KNN Classifier

The KNN Classifier is a classifier that uses the \(k\)-NN algorithm with DTW as a distance measure to identify a \(k\)-neighborhood of the most similar training sequences to the sequence being classified.

To classify a sequence \(O'\), the KNNClassifier works by:

  1. Calculating the DTW distance between \(O'\) and every training sequence.
  2. Forming a k-neighborhood \(\mathcal{K}'=\left\{O^{(1)},\ldots,O^{(k)}\right\}\) of the \(k\) nearest training sequences to \(O'\).
  3. Calculating a distance weighting for each sequence in \(\mathcal{K}'\).
    A uniform weighting of 1 is used by default, meaning that all sequences in \(\mathcal{K}'\) have equal influence on the predicted class. However, custom functions such as \(e^{-x}\) (where \(x\) is the DTW distance) can be specified to increase classification weight on training sequences that are more similar to \(O'\).
  4. Calculating a score for each of the unique classes corresponding to the sequences in \(\mathcal{K}'\).
    The score for each class is calculated as the sum of the distance weightings of all sequences in \(\mathcal{K}'\) belonging to that class.
  5. Selecting the class with the highest score.
    If there is a tie between classes, a class is randomly selected between the tied classes.

API reference

Class

KNNClassifier

A k-nearest neighbor classifier that uses DTW as a distance measure for sequence comparison.

Methods

__init__(*[, k, weighting, window, ...])

Initializes the KNNClassifier.

compute_distance_matrix(X, *[, lengths])

Calculate a matrix of DTW distances between the sequences in X and the training sequences.

dtw(A, B)

Calculate the DTW distance between two observation sequences.

fit(X, y, *[, lengths])

Fit the classifier to the sequence(s) in X.

fit_predict(X, y, *[, lengths])

Fit the model to the sequence(s) in X and predicts outputs for X.

load(path, /)

Load and deserialize a fitted KNN estimator.

predict(X, *[, lengths])

Predict classes for the sequence(s) in X.

predict_log_proba(X, *[, lengths])

Predict log class probabilities for the sequence(s) in X.

predict_proba(X, *[, lengths])

Predict class probabilities for the sequence(s) in X.

predict_scores(X, *[, lengths])

Predict class scores for the sequence(s) in X.

query_neighbors(X, *[, lengths, sort])

Query the k-nearest training observation sequences to each sequence in X.

save(path, /)

Serialize and save a fitted KNN estimator.

score(X, y, *[, lengths, normalize, ...])

Calculate the predictive accuracy for the sequence(s) in X.

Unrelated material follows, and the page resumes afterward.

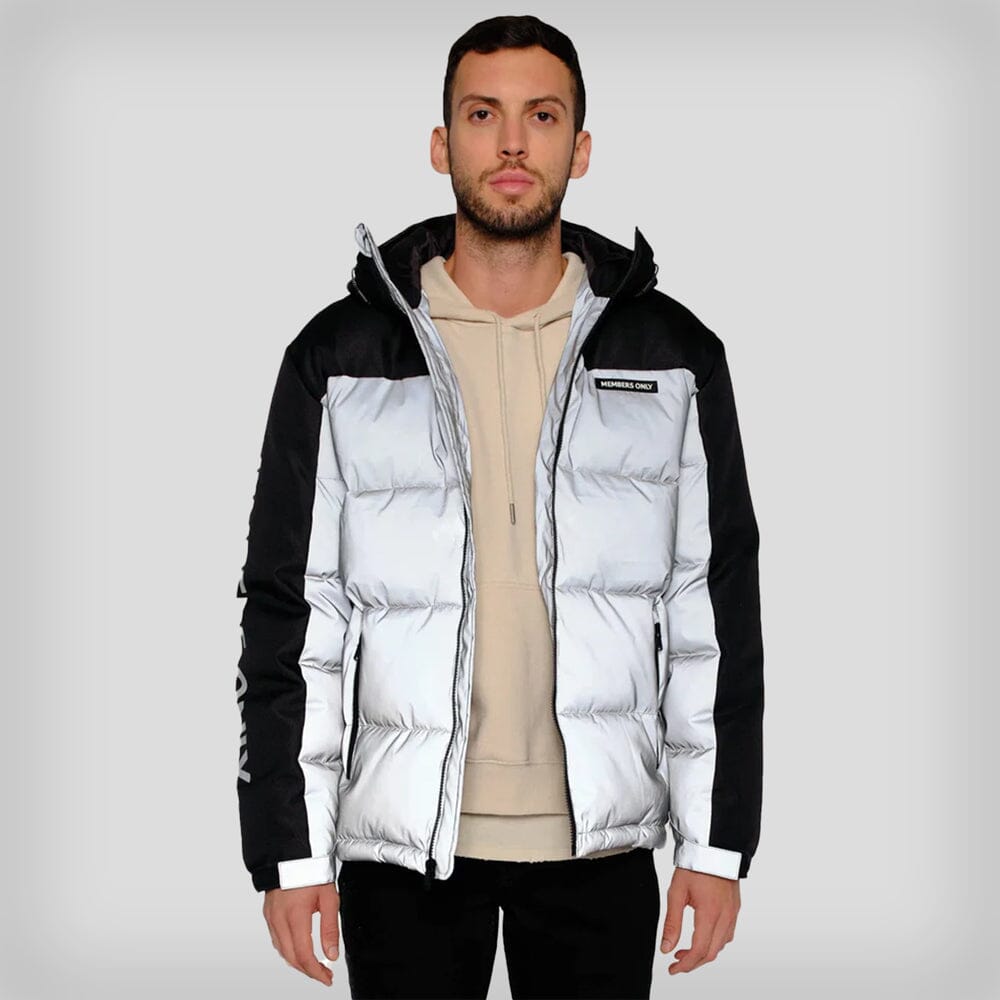 Men's Puffer Jacket - FINAL SALE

class sequentia.models.knn.classifier.KNNClassifier

A k-nearest neighbor classifier that uses DTW as a distance measure for sequence comparison.

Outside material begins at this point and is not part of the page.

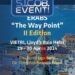 L’EVENTO. Vietri, al via la II edizione di ERAbS – “The way point”
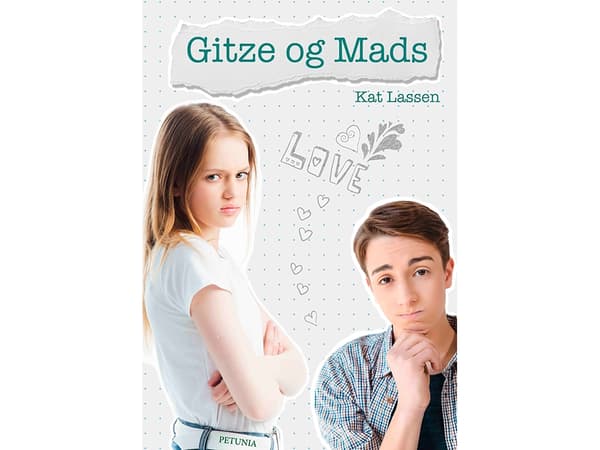 Gitze og Mads | Kat Lassen | Språk: Danska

The classifier computes the score for each class as the total of the distance weightings of every sequence belonging to that class, within the DTW k-neighborhood of the sequence being classified.

Examples

Using a KNNClassifier to classify spoken digits.

import numpy as np
from sequentia.datasets import load_digits
from sequentia.models.knn import KNNClassifier

# Seed for reproducible pseudo-randomness
random_state = np.random.RandomState(1)

# Fetch MFCCs of spoken digits
data = load_digits()
train_data, test_data = data.split(test_size=0.2, random_state=random_state)

# Create a HMMClassifier using a class frequency prior
clf = KNNClassifier()

# Fit the classifier
clf.fit(train_data.X, train_data.y, lengths=train_data.lengths)

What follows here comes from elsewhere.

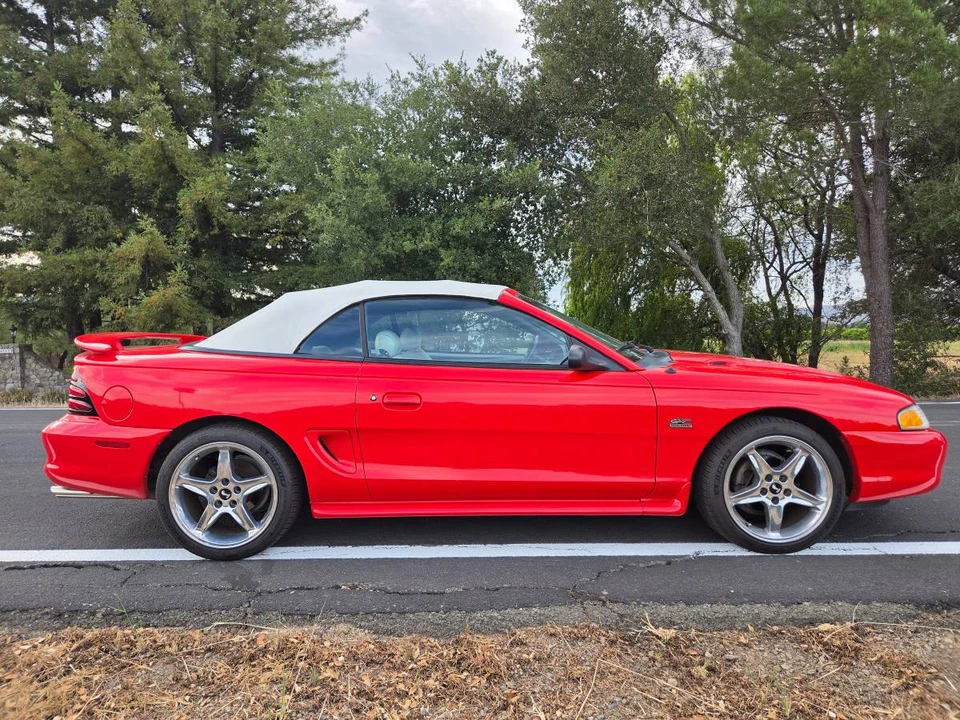 1995 Ford SN95 Mustang - Image 7 of 24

# Predict classes for the test observation sequences
y_pred = clf.predict(test_data.X, lengths=test_data.lengths)
__init__(*, k=1, weighting=None, window=1.0, independent=False, use_c=False, n_jobs=1, random_state=None, classes=None)

Initializes the KNNClassifier.

Parameters:
  • self (KNNClassifier) –

  • k (int) – Number of neighbors.

  • weighting (Callable[[ndarray[Any, dtype[float64]]], ndarray[Any, dtype[float64]]] | None) –

    A callable that specifies how distance weighting should be performed.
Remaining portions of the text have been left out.